FOTO 10 – Restaurante “self service” Flunch, para refeições rápidas e de excelente qualidade.

A feira da Rive Droîte

“Um dos passeios que fizemos hoje merece destaque, que foi andar ao léu pela Rive Droît [margem direita do Sena] – uma experiência interessante. Ao longo de uns quarteirões estende-se o mercado de flores, belas e estranhas, e de... animais! A parte dos animais é tão variada que o visitante se esquece das horas. Descobrimos ali filhotes à venda dos cães com-cara-de-gente. Anoitei seus nomes: chamam-se ‘bouledogues françaises’. Há outros da raça ‘bulldog anglais’. Vendem também gatos, aves de variadas procedências, galinhas de diversos tipos e outros animais bem estranhos para nós”.

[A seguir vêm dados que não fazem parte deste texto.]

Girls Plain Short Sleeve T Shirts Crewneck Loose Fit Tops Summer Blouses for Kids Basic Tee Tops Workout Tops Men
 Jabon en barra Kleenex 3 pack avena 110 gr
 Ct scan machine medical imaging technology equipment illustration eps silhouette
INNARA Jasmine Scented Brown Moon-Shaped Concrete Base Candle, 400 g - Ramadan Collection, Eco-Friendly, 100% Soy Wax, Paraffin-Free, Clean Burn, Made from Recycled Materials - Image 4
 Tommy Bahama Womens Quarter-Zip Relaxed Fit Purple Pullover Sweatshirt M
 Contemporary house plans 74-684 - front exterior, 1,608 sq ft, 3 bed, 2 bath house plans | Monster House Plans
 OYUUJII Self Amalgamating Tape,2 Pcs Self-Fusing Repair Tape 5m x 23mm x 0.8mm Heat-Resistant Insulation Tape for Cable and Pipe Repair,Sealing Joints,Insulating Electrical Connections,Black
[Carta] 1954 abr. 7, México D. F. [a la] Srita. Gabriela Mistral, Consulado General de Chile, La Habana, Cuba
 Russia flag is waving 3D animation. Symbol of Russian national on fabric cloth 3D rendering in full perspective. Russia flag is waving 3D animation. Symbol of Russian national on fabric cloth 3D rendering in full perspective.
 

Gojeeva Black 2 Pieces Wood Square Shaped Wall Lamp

FOTO 11 – Mercado de aves na Rive Droît (margem direita).

A Catedral de Notre-Dame

“Esquecia-me de anotar que noutro dia, quando fomos à Catedral de Notre-Dame, desistimos porque a fila para entrar atravessava a praça. Ao retornarmos ontem, a fila era ainda maior. Sem outra alternativa, enfrentamos a fila. Quando finalmente entramos no templo (onde já estive outras vezes, quando não havia fila para entrar), ficamos impressionados com a multidão que lá estava. Uma enchente humana! U’a massa compacta que se movia sempre numa mesma direção, mas lentamente, cabeças voltadas para cima, exclamando muitos ‘oh!’. Era tanta gente que não dava para apreciar com calma a magnífica construção, seus vitrais e as obras de arte. Ao nosso lado, uma visitante chorava copiosamente e ao mesmo tempo sorria extasiada olhando a igreja. Visitar Notre-Dame de Paris talvez fosse dela um antigo sonho?! Quando as vozes dos visitantes ficavam altas demais, pelos alto-falantes ouvia-se: ‘Psiuuuuuu! Silence, s’il vous plaît’. As vozes baixavam instantaneamente por uns momentos, mas logo o burburinho ia aumentando, e os alto-falantes voltavam a impor o silêncio: ‘Psiuuuuuuu!’. Com tanta gente no interior da igreja, olhando e apontando para todos os lados, esvai-se qualquer sensação de solenidade e de religiosidade”.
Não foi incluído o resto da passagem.